Given data below:
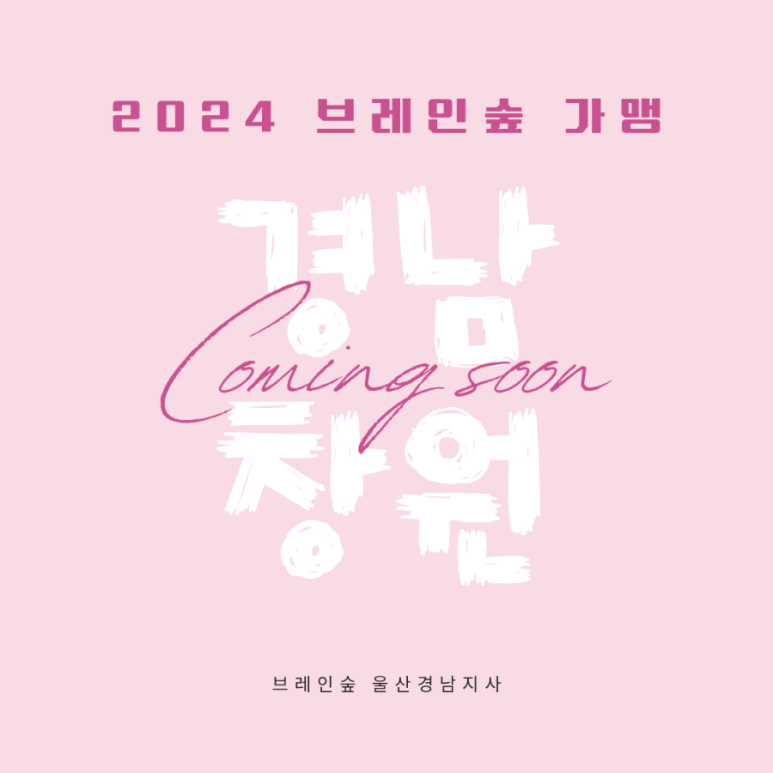 창의숲에듀센터 이미지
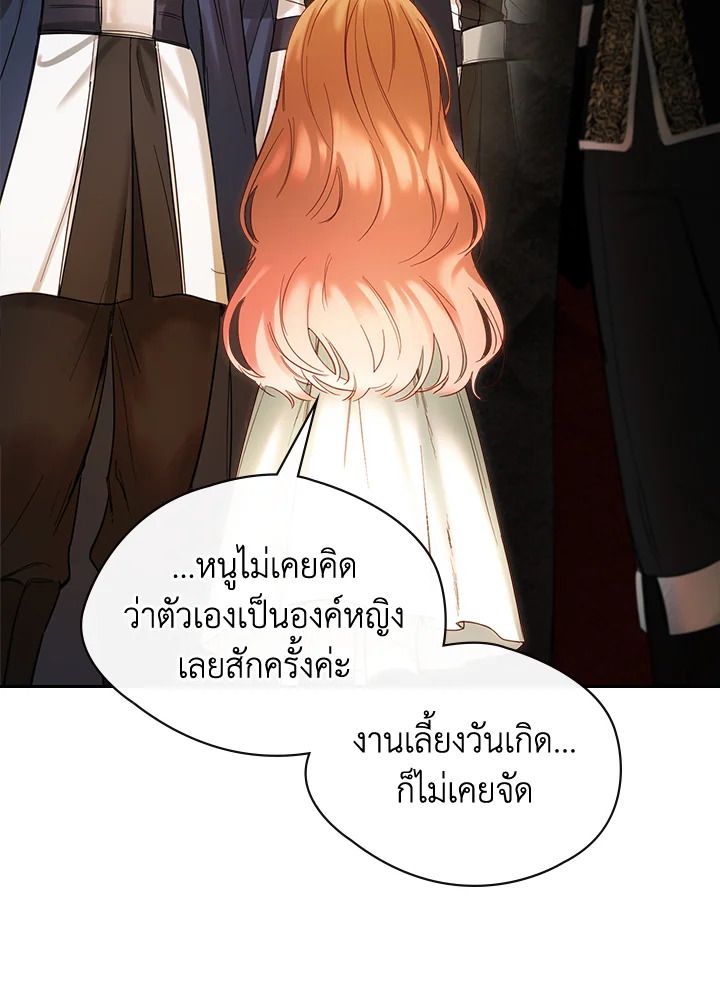 Baby Prisoner of the Winter Castle ตอนที่ 3 85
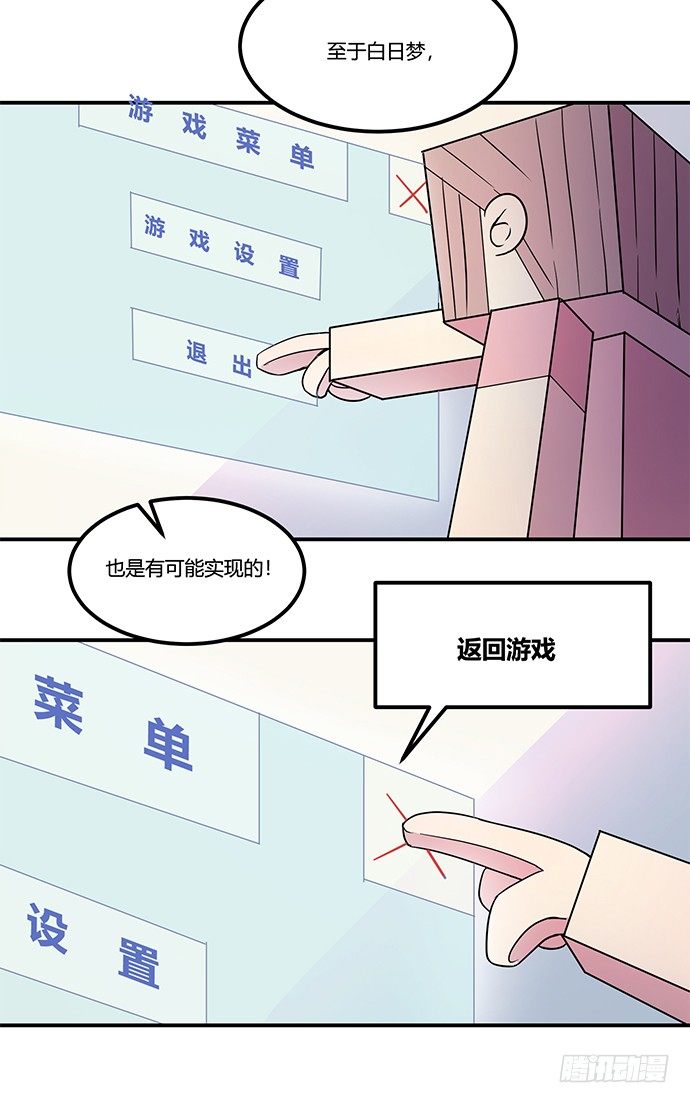 《神雕实验室》虚拟游戏你的世界 第24页
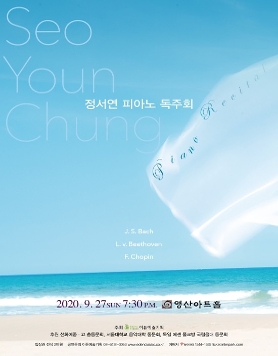 [09.27] 정서연 피아노 독주회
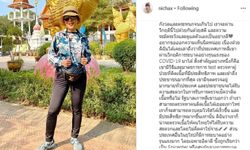 ไวรัสโคโรนา : "ทูลกระหม่อมฯ" ทรงอยากให้คนไทยได้ตรวจโควิด-19 ฟรีเหมือนเกาหลีใต้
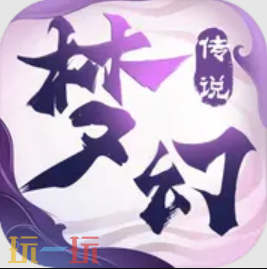 最火的游戏是哪款 最火的游戏2025热度前9排行榜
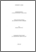 [thumbnail of 000123669.pdf]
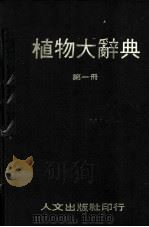 植物大辞典  第1册（1980 PDF版）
End of Given data.
• [Prompt]: Reproduce the data above verbatim, minus any images.

• [Solved problem]:
 창의숲에듀센터 이미지
 Baby Prisoner of the Winter Castle ตอนที่ 3 85
 《神雕实验室》虚拟游戏你的世界 第24页
 [09.27] 정서연 피아노 독주회
 ไวรัสโคโรนา : "ทูลกระหม่อมฯ" ทรงอยากให้คนไทยได้ตรวจโควิด-19 ฟรีเหมือนเกาหลีใต้
 最火的游戏是哪款 最火的游戏2025热度前9排行榜
 [thumbnail of 000123669.pdf]
 植物大辞典  第1册（1980 PDF版）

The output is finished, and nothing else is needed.